Question about maintaining your talk page

Hi GuardianH, I wanted to ask how you deal with unfounded or erroneous comments on your talk page. I noticed that you deleted one recently (I agreed completely with that decision). Do you feel obliged to archive stuff from your talk page? Then there is the "junk mail" one gets from time to time; hardly anyone could argue for archiving that, or what do you say? Thx. -- Melchior2006 (talk) 11:00, 11 December 2023 (UTC)[reply]

You're allowed a great deal of free reign over your talk page. I think there's some editors out there who have never even archived their talk page before; my understanding is that you aren't compelled to do so. It's more of a voluntary cleanup/organization task from time to time. As for comments, I try to respond to them even if they are misguided, so as to see if there is a common ground. GuardianH (talk) 21:25, 12 December 2023 (UTC)[reply]

Adoption

Hey GuardianH, I stumbled upon your user page a short while ago — forgive me if it sounds weird, but I think all the stuff you’ve done is just incredible. I was also an Asian-American high schooler from Massachusetts just a short while ago (played a bit of jazz at NEC and All States here too, might be doxxing myself idk lol, maybe I know you?) and I’ve always really liked history (not as rigorous as you, I think) but most of my edits are just me carrying over DOY stuff from other language DOY pages (like Japanese or Chinese) because I don’t feel like I have enough time in college to pore over academic texts. I’d love to hear what your reading/writing process is for Wikipedia as a presumably busy student so I can do more (right now I feel more like I’m filling holes as I see them instead of spending time researching topics and making new pages about them).

P.S. Also, if you end up attending Harvard or MIT I’d love to meet up sometime 😎 Marcustcii (talk) 14:47, 24 December 2023 (UTC)[reply]

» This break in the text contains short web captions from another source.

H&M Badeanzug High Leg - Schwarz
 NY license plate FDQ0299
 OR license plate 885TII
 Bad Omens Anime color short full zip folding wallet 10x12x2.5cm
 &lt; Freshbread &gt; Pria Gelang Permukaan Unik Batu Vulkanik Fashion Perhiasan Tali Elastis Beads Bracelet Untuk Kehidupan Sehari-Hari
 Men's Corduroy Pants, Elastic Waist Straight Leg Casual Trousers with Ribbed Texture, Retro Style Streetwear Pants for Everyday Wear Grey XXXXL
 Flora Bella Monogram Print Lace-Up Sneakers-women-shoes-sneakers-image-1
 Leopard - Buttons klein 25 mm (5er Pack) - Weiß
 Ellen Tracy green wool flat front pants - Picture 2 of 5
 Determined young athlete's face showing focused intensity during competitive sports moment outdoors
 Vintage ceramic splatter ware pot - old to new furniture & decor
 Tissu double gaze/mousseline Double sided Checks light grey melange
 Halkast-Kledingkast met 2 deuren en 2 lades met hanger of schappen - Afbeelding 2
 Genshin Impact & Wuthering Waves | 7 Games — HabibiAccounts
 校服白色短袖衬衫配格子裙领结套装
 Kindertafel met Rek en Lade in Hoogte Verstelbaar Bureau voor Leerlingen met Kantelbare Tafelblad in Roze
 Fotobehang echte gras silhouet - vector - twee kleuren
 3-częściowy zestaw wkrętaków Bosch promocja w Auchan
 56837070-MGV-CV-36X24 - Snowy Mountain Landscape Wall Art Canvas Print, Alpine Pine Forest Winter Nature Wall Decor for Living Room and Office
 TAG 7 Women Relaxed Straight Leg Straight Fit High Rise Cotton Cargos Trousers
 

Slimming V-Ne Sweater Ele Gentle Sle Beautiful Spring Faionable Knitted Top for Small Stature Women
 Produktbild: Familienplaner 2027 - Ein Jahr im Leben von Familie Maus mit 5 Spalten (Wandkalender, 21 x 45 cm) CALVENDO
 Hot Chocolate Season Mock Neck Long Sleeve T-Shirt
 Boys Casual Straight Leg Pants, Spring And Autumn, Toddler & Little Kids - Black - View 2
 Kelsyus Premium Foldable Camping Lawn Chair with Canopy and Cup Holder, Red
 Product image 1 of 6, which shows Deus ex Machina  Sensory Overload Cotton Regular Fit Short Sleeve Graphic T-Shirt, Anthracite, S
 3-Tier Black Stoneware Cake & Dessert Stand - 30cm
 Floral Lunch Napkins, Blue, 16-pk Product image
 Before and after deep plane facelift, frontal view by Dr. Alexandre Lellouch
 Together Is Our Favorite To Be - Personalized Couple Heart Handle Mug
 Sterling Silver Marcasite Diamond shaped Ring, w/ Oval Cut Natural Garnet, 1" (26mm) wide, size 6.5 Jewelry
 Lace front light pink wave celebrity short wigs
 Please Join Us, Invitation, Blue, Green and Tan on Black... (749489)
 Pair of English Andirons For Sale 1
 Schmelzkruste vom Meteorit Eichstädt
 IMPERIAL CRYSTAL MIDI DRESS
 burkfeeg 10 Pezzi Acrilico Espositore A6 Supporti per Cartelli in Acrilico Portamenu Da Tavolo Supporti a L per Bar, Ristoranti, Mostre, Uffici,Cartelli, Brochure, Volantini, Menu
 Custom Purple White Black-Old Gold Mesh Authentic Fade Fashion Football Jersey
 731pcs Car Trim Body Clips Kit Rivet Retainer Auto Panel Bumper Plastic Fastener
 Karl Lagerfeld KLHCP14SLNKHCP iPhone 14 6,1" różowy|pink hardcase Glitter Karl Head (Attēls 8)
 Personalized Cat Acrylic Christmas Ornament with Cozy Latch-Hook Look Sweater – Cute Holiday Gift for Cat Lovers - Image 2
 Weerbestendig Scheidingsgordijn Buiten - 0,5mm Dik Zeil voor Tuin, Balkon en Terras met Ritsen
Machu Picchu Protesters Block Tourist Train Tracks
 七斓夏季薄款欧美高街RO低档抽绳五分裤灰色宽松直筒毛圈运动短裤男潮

@Marcustcii Thank you for your kind words. I always wanted to be a historian when I was a kid, and the field I wanted to specialize in was Byzantine history and become a medievalist based off of the stuff I read from Herrin, Goffart, Ostrogorsky, Kazhdan, and other authors of the Oxford tradition. I think that's largely what has informed my writing the most; my personal bias is that the writing style then was so much more elegant that it is now. So I try to replicate their stylistic approach in summary as much as possible, and I think after you get at it for a long time it enters your subconscious. Same goes for research — you develop an eye and taste for content.
I've shifted a little now. I think it would be very difficult to sustain a lifestyle as a medievalist in the academic field now, which is a terrible shame; my personal sympathies to the field remain, although I've transitioned towards constitutional law and all the great figures which have molded that discipline — Scalia, Hand, and the like. It's so similar to medieval history, in a way. I'm laboring away on Henry Friendly (a personal hero of mine) right now. I don't know if looking at it would get my reading/writing process (I'm a terribly messy thinker as evidenced by the log), but, if I were to guess, that would be the page to look at.
I think all the stuff you’ve done is just incredible – I think you are giving me too much credit! I get into a terrible cycle with articles: after some inspiration all I can do for a few days is work on them, become disillusioned, and the writing is actually quite a disappointment. I end up abandoning a lot altogether, leaving their corpses behind (Malone, White, Rand, and countless other casualties). I'd be willing to speak about my process if you're still interested, but I think there really are much better writers than myself on here that could offer greater insight. GuardianH (talk) 19:18, 24 December 2023 (UTC)[reply]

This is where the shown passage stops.